● Exercise description:
Word for word, copy the line that contains "Tasty popcorn scattered" and each line after it in the data below. Pictures stay out of the copy.

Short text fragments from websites
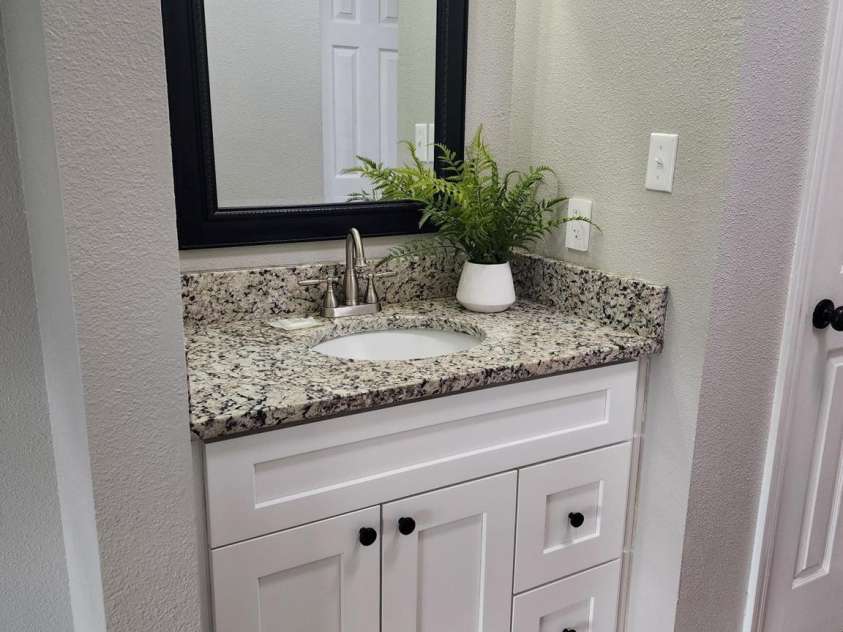 6423 Town Hall Place, Harrisburg, NC 28075.  MLS# CAR4241214, YatesRealty ID 2707. Primary Bath w/ two separate sink areas all updated.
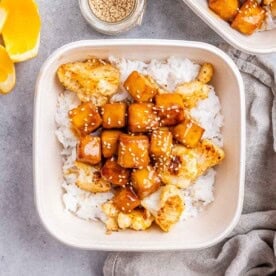 a meal prep bowl with crispy orange tofu served with roasted cauliflower over white rice.
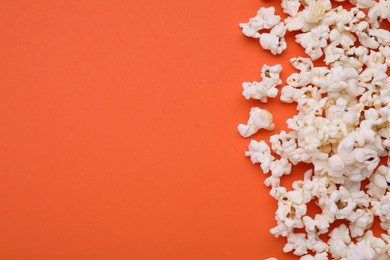 Tasty popcorn scattered on orange background, flat lay. Space for text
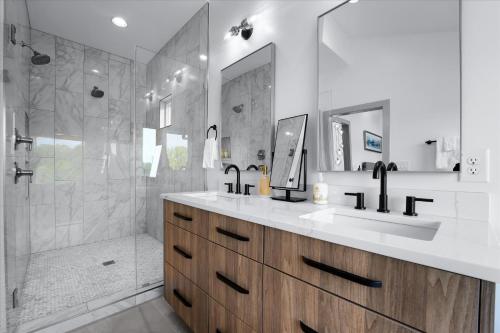 a bathroom with two sinks and a shower at Elysian Shores w/Heated Pool & Optional Boat Rental in Mooresville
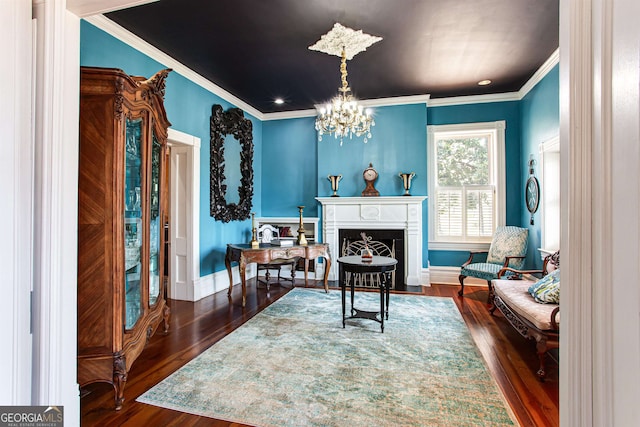 interior space featuring an inviting chandelier, ornamental molding, and dark hardwood / wood-style floors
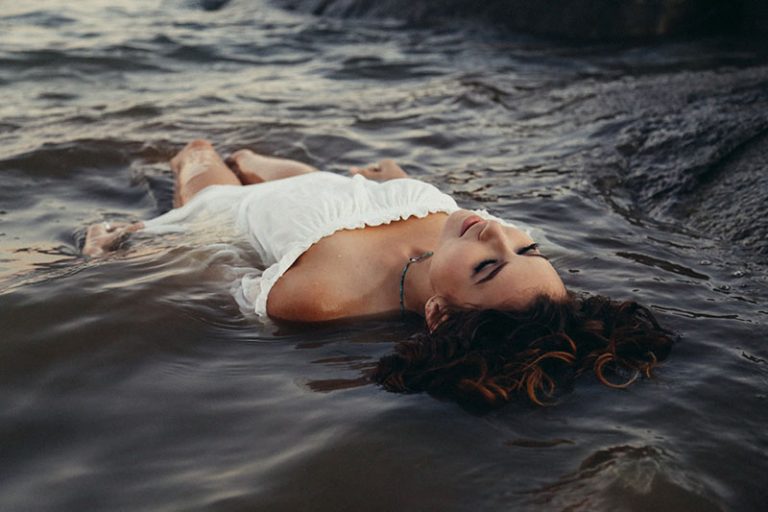 sad woman floating on the water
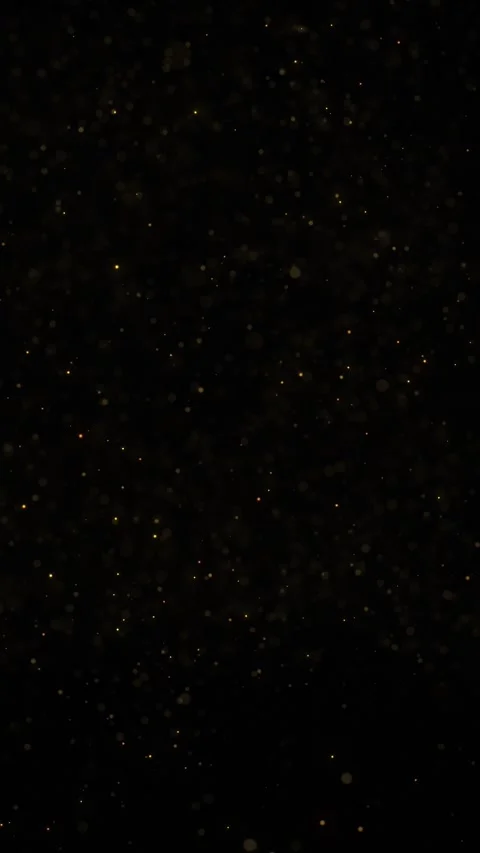 Blurred gold dots random loop slow flying vertical animation Stockbeeldmateriaal 346393200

● Solution for this exercise:
 Tasty popcorn scattered on orange background, flat lay. Space for text
 a bathroom with two sinks and a shower at Elysian Shores w/Heated Pool & Optional Boat Rental in Mooresville
 interior space featuring an inviting chandelier, ornamental molding, and dark hardwood / wood-style floors
 sad woman floating on the water
 Blurred gold dots random loop slow flying vertical animation Stockbeeldmateriaal 346393200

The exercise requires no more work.